What is notable is the increased role of charters in all this. While there is good reason to think that charters can provide plausible alternatives to parents, the actual educational data is more mixed, as a report from the Detroit Metro Times makes clear.
On the 2006 English and math MEAP tests, charter school students below the overall state average but better than the public school district in which they were located. Measured by ACT, charter high schools reported an average score of 15.5, well below the overall state average of 18.8, if slightly better than the 15.3 of Detroit schools.
While much of the above disparity is generated by the make-up of the charter schools themselves (students in Michigan are more likely to be poor), a second aspect would be the teaching staff. The lower teacher salaries may be read as indicating a younger or less qualified staff.
In short, charters like their parochial cousins, have not found a way to escape the gravitational pull of poverty. The conservative nostrum of easy exit doesn’t exist.
Likewise, the notion that if you only paid (select) teachers more, you would get better results also has been running aground of late. From the conservative Fordham Institute comes the editorial by Michael Petrill, pointing out that rewarding teachers works well if you’re in a place where teachers want to go, say Ann Arbor or East Grand Rapids. But what if you’re in Pullman, Mecosta, New Era or Baldwin? Who goes to those places?
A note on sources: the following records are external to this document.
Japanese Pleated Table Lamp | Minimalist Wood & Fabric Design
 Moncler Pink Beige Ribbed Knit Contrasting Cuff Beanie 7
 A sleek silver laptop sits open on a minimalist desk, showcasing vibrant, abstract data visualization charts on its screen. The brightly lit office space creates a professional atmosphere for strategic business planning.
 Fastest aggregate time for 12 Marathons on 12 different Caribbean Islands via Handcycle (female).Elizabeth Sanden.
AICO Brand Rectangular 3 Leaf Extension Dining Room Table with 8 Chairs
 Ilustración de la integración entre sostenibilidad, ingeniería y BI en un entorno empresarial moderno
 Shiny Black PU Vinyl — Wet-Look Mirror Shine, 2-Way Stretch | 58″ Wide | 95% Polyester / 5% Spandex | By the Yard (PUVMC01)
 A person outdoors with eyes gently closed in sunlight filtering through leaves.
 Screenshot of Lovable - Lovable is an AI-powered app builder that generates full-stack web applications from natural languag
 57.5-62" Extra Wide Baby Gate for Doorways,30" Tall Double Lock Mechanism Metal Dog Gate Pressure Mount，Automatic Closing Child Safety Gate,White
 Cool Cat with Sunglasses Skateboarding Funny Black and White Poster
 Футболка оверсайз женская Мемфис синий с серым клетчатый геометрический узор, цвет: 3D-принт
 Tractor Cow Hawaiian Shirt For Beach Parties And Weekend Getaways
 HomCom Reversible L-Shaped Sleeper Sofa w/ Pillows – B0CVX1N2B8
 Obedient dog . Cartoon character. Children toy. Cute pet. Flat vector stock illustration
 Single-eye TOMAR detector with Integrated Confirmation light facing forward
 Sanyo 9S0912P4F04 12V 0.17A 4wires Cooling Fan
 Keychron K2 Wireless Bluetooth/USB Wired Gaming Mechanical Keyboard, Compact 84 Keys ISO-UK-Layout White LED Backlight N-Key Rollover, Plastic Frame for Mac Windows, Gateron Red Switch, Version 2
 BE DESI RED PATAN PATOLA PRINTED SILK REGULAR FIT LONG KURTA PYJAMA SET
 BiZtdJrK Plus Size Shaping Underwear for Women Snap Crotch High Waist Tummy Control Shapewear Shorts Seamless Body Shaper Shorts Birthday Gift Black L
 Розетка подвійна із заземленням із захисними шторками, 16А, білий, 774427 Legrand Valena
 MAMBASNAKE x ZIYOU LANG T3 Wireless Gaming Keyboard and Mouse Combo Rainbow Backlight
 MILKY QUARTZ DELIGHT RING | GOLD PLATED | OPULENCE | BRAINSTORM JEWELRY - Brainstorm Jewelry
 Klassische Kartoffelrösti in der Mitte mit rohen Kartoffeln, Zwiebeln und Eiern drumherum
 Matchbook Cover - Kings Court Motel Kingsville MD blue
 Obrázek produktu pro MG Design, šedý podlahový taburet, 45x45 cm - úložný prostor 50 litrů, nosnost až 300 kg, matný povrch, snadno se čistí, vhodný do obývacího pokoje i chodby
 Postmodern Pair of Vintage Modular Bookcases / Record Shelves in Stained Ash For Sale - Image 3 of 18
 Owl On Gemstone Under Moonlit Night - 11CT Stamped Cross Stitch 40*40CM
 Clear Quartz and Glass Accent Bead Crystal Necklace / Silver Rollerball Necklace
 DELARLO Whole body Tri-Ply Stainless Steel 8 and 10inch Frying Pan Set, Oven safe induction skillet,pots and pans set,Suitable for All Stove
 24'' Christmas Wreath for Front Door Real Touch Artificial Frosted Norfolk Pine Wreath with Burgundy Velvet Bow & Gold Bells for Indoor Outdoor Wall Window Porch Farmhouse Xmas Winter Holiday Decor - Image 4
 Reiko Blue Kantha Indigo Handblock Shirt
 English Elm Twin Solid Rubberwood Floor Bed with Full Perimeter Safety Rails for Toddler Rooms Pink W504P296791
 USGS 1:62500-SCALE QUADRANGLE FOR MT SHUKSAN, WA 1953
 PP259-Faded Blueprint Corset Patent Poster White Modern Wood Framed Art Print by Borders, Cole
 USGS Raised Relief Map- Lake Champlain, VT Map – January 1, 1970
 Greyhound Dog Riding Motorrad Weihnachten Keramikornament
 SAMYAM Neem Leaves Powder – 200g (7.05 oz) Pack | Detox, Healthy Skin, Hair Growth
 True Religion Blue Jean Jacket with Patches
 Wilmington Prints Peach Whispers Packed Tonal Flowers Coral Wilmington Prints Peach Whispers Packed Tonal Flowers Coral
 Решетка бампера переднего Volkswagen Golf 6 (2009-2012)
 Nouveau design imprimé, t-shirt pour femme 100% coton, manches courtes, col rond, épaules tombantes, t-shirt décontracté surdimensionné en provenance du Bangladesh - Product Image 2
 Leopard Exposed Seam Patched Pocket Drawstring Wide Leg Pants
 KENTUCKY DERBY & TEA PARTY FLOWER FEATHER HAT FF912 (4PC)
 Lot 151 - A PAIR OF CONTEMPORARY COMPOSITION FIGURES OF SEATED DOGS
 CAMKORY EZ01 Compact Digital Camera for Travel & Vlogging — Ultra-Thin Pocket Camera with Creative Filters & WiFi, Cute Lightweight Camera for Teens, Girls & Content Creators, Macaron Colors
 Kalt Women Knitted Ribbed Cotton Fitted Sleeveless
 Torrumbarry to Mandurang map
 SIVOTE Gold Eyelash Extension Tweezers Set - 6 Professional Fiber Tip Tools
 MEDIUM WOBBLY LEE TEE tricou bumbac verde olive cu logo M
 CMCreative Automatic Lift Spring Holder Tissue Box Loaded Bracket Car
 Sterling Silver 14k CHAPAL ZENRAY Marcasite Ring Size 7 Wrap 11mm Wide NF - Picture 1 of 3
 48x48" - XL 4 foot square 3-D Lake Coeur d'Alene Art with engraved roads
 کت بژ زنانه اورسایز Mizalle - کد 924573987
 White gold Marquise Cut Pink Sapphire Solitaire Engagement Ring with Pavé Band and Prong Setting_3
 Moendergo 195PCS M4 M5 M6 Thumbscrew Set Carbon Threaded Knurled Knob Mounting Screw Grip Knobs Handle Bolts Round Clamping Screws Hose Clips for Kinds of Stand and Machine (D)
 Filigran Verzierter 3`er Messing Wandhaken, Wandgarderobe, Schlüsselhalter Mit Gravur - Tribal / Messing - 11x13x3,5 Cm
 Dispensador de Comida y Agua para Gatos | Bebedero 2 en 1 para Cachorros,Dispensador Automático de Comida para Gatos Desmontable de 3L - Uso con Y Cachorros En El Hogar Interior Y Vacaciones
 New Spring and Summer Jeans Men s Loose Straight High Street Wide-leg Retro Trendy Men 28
By stratifying the teaching pool, pay to perform actually works against educational opportunity, matching the poorer performing teachers with the more undesirable locations.
Be it charter, or teacher pay, or even vouchers — each of these solutions represents at best, a variety of magical thinking on the part of the present GOP, policy hopes that somehow the right option will solve their problem. At worst the turn to these solutions represent little more than an empowerment of the already well off districts or cities.
But Sen. McCain and the GOP are right about this being the Civil Rights issue of the 21st Century. And here in Michigan and the midwest, our educational system is a necessary component if we are to have future we can embrace.